My favorite so far of the Maigret novels explores the vanished "barge culture" of the French canal system in the early 1930s, with an attention to politics and class nuance that elevates it above a mere thriller. This was published under several titles, the worst of which, Maigret Meets a Milord (uggh), is the one under which it was reviewed (excellently) by "darragh o'donoghue" in 2002, on on the website of God Emperor Bezos:
This title is an English invention, unhappily signaling a facetiousness absent from a sombre Simenon story about double murder, decadence, broken lives and betrayal. A literal translation from the French is The Carter of the 'Providence', but perhaps that was seen as too leading, even if it was Simenon's choice; another alternative, The Crime At Lock 14, is the most satisfying, centering on the important aspect of the novel: place. Milord is set in that strange, marginal, now obsolete inter-war world of canal barges, perhaps most familiar from contemporary films of the period, such as Boudu Saved From Drowning or L'Atalante. Indeed, the star of those films, Michel Simon, would have been an obvious choice to play the main non-Maigret character in any film of this book, the carter Jean, a taciturn giant whose face and tattooed body are buried in a mass of hirsute overgrowth, a man who sleeps in dumb animal warmth with his horses in the barge stable, and into whose eyes Maigret can't decide whether to read imbecility or the keenest intelligence.

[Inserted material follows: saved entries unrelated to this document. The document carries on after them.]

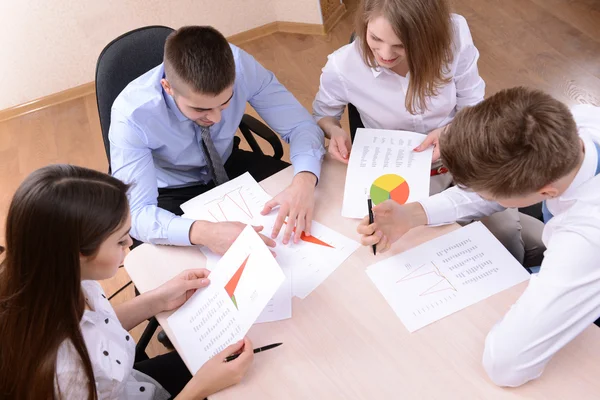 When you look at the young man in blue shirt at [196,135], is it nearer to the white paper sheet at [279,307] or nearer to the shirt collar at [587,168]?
the white paper sheet at [279,307]

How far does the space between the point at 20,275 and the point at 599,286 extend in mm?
1042

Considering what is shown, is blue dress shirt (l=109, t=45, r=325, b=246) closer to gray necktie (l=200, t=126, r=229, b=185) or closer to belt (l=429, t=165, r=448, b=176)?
gray necktie (l=200, t=126, r=229, b=185)

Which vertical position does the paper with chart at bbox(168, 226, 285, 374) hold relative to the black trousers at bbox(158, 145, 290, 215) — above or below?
above

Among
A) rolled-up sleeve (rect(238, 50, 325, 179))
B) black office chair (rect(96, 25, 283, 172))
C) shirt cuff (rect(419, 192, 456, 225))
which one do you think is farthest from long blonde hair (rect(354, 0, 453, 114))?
black office chair (rect(96, 25, 283, 172))

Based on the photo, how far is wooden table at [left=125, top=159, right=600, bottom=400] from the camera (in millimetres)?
1085

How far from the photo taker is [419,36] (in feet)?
4.93

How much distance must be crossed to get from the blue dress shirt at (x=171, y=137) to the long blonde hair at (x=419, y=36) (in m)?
0.31

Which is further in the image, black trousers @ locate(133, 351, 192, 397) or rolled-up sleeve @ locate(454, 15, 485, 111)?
rolled-up sleeve @ locate(454, 15, 485, 111)

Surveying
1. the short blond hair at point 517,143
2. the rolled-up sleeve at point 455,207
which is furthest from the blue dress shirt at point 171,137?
the short blond hair at point 517,143

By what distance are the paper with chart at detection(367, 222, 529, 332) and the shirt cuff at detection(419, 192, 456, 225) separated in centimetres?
4

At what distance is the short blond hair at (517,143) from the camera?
1.06 meters

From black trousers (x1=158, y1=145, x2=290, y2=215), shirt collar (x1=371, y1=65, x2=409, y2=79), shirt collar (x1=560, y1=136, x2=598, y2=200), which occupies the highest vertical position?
shirt collar (x1=560, y1=136, x2=598, y2=200)

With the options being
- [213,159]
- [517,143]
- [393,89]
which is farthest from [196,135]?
[517,143]

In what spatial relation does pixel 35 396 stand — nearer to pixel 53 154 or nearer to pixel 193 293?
pixel 193 293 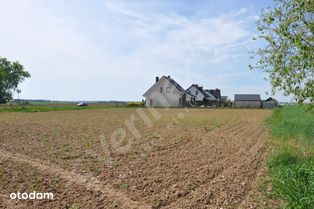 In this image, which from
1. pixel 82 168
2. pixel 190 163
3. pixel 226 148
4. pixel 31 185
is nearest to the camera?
pixel 31 185

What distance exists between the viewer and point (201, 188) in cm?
554

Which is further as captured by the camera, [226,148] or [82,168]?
[226,148]

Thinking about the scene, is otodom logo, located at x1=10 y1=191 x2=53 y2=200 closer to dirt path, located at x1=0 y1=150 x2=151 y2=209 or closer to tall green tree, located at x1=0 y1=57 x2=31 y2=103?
dirt path, located at x1=0 y1=150 x2=151 y2=209

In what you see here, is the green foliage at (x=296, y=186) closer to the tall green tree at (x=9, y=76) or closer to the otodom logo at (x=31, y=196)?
the otodom logo at (x=31, y=196)

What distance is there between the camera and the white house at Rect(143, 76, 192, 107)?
59.5 metres

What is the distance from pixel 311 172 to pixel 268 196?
0.95 meters

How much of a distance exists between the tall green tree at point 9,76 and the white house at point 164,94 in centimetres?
3985

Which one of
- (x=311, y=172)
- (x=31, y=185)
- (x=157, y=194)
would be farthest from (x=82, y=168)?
(x=311, y=172)

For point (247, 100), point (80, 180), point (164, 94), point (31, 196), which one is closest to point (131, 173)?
point (80, 180)

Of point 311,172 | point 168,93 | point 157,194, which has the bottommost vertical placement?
point 157,194

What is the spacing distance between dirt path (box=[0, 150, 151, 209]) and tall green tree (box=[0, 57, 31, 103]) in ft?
240

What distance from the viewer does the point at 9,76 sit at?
76.7m

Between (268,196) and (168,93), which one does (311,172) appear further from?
(168,93)

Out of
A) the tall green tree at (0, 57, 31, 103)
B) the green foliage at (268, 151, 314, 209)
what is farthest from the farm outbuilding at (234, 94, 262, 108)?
the green foliage at (268, 151, 314, 209) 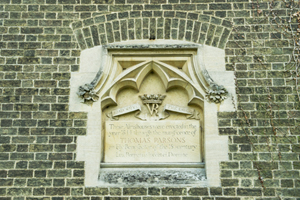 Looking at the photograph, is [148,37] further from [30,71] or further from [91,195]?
[91,195]

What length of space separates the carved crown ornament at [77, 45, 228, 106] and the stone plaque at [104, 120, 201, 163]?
35cm

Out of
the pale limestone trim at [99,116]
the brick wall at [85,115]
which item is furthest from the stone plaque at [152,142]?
the brick wall at [85,115]

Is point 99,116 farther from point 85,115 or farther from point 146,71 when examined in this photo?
point 146,71

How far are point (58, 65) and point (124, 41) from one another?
115 centimetres

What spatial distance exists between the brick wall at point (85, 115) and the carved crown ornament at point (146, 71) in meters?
0.23

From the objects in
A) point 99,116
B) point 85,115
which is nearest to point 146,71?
point 99,116

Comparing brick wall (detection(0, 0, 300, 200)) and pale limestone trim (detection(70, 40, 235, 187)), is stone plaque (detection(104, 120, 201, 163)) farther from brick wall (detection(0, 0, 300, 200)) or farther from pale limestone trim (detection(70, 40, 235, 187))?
brick wall (detection(0, 0, 300, 200))

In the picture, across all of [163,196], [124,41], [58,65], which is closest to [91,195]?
[163,196]

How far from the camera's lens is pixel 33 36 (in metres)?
5.93

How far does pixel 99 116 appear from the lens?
18.3 feet

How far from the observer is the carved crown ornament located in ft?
18.6

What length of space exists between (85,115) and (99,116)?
0.72 ft

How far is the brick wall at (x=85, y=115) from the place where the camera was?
5258 millimetres

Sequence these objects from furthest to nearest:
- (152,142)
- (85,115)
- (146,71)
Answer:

A beautiful, rich, well-dressed woman is found strangled between two sleeping carters in the tavern stable at Dizy, Lock 14. She is the wife of an elderly English aristocrat, disgraced Colonel Lampson, who is sailing along the canal tributary of the Marne on his luxury yacht The Southern Cross with his sleazy but charming companion Willy Marco, and his fat Chilean mistress. Despite his bearing and stiff-upper-lip, the Colonel conducts regular drunken orgies on board his yacht, and tolerated his wife's affair with Marco. The other principal boat in the story is the huge barge The Providence, run by a small, timid skipper, his garrulous, kindly wife and the carter Jean.
Simenon characterises barge-life as a kind of shadow-world adjacent to, but unknown to, normal life around it, with its own codes, customs and language. Although these are floating homes, not tied to any one place and potentially unstable, their slow, regular movements up and down the river, and the rules they must abide by are as rigid, claustrophobic and monotonous as any settler's. But Simenon brilliantly captures the sense of a shifting communal life, competitive (the dense traffic on a small stretch of water means much jostling for pole position), but full of cameraderie and good humour, helping out friends in trouble, carrying messages from relatives, tipping canal-side officials.
For a rooted outsider like Maigret, this world seems enchanted, his inability to crack the case matched by a terrible sense of suspension hanging over the twilit realm -- it is only by breaking out of it, asserting his mobility by bicycle, that he can regain his detective prowess. Before that, he learns many fascinating facts about the mechanics of barge life, as well as its drabness and colour, its hierarchies of boats and petty bendings of the law, the land men, women and buildings who service it (lock-keepers, tavern- and shop-owners); a group world of work and routine in which transgressive individual desire can have the direst consequences.
The way Simenon himself, like a narrative elastic band, suspends the tension, allowing us to soak in the character and atmosphere, before accelerating the suspense and action, is so gripping, this must count as an exceptional early Maigret.
The version I read was a recent Penguin reprint under the title The Carter of La Providence. The translation by David Coward uses some modern idioms but seems very attuned to Simenon's sense of humor. Highly recommended.